It's close to thirty years since British rocker Ian Drury had a hit with the song "Sex And Drugs And Rock And Roll". Somehow or other nobody had strung the three together in quite the catchy way he had before, and his little ditty's title caught the imagination of more than a few people. In those innocent days prior to AIDS and the "War On Drugs", it became the catch phrase of choice for a great many people to sum up what they
needed to make them happy. That Drury might have been satirizing the rock star image with his song was lost on ninety per cent of his audience, who had latched onto the title as a lifestyle definition.
The world spins around and ten years later, in the 1980s, I couldn't turn to the obituary pages of my local paper without reading that a man of my generation had died of unknown causes, leaving behind special friends, but very rarely a wife or parents to mourn him. AIDS was very much a mystery in those early days in the mid to late eighties, but even then we knew it was caused by sharing bodily fluids and the quickest way of catching it was through unprotected sex and sharing a needle. It was only a matter of time before it spread beyond gay men. Sex and drugs were "very good indeed" no longer.
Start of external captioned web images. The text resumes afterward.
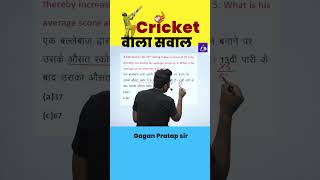 Cricket वाला सवाल || Average by Gagan Pratap sir #shorts #gaganpratapmaths #chsl #cgl #mts #ssc #cpo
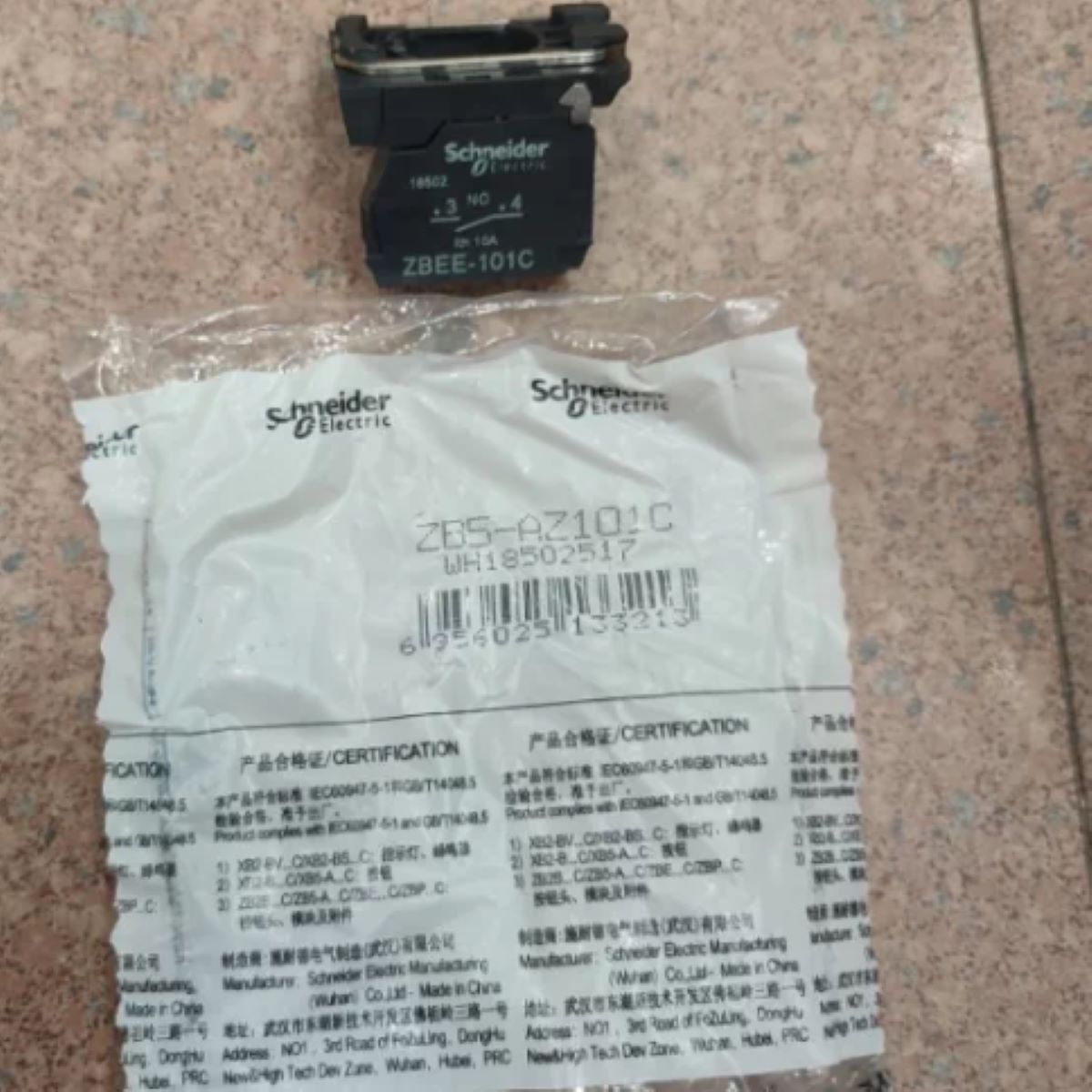 ZB5AZ101C ZB5AZ101 Harmony, 22 - Screw Terminal Block 评论和价格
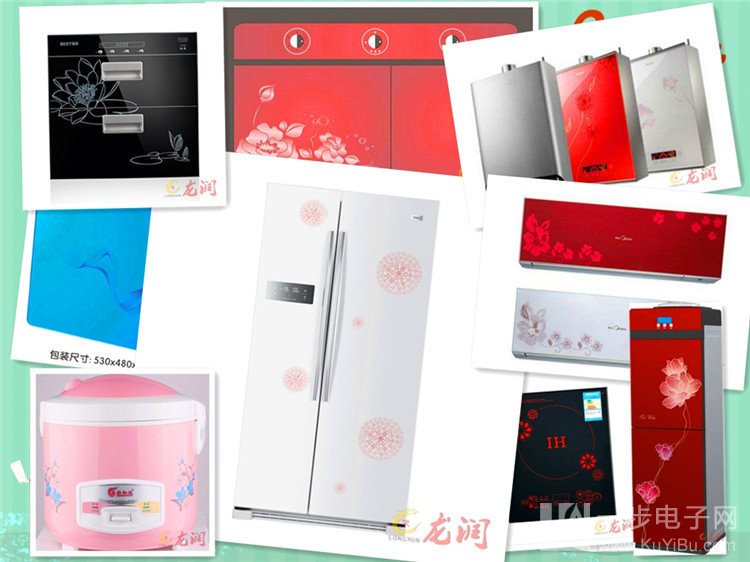 家電面板圖案解決方案_1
When the Canadian Red Cross came clean about not testing their blood properly and giving hemophiliacs infected blood (oh, by the way, if you received a blood transfusion between these dates you really should get yourself checked), the "innocent victim" syndrome in AIDS reared its ugly head. Just what the world needed - another way to stigmatize people who were dying because they had sex or shared a needle. The Christian right in North America had already labeled HIV and AIDS as the wages of sin, and being able to say they only have themselves to blame, while others are blameless, only added fuel to the pyre they were building to burn the sinners.
In the preface to her book The Wisdom Of Whores, Elizabeth Pisani says that when people ask her what she does for a living she cheerfully replies "sex and drugs" as it's easier than having to explain to people that an epidemiologist studies how diseases spread in populations. For ten years of her life, starting in 1996, Ms Pisani worked on the front lines of HIV/AIDs research looking for patterns in how the disease was spread, developing ways of curbing the spread of the diseases, trying to figure out how many people were potentially at risk, and of course dealing with the political fallout that always seems to accompany sex and drugs.